With the rise of cloud-based and IoT-enabled building technology, building operators can now optimize building automation using data to make smarter decisions.
A building automation platform allows an operator to access, control, and monitor all connected building systems from a single interface. Thanks to advances in cloud data storage and the decreased cost in sensing, the rise of the Internet of Things (IoT) makes connecting different building automation platforms and devices both feasible and affordable.
Now more than ever, the key to optimizing building automation is analytics. Equipment hardware and building sensors generate a massive amount of data.

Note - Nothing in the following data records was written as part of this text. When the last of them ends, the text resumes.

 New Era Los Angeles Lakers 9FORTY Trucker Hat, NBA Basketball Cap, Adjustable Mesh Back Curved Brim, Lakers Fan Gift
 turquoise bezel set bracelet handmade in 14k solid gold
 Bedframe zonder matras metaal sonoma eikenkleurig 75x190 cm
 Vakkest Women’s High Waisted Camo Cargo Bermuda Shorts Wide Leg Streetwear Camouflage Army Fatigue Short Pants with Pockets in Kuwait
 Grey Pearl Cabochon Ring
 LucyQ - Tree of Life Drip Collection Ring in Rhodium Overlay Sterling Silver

By using cloud computing to store, benchmark, and analyze all this data, building operators have a larger pool of information they can access to provide more context and knowledge when making decisions - leading to more comfortable occupants and cost-effective control.
Building automation underpins the technology powering a smart building by sharing information across systems and enabling space control down to the user level. One novel example would be a use case where an employee scans her badge to enter the building garage and is greeted by an elevator that is sent down by the system to take her to her floor. Meanwhile, her personalized space lighting and temperature preferences are automatically adjusted to ensure her office is ready for her when she arrives.
As IoT-enabled building systems become more connected with each other and the digital world, cybersecurity has become as important as physical building security. Building operators will need to make sure they have the policies and tools in place to keep systems cybersecure in the face of ever-changing threats.
To stay current and protected, building automation systems built on an open platform can help future-proof building automation investments by accommodating emerging technologies, exploring new application use cases and/or integrating equipment from various providers as software and technology continue to evolve.
No matter the use case, every building can benefit from building automation. By fine-tuning control over systems and collecting and using data to make smarter decisions, operators can improve energy efficiency, lower costs and provide a better experience for building occupants.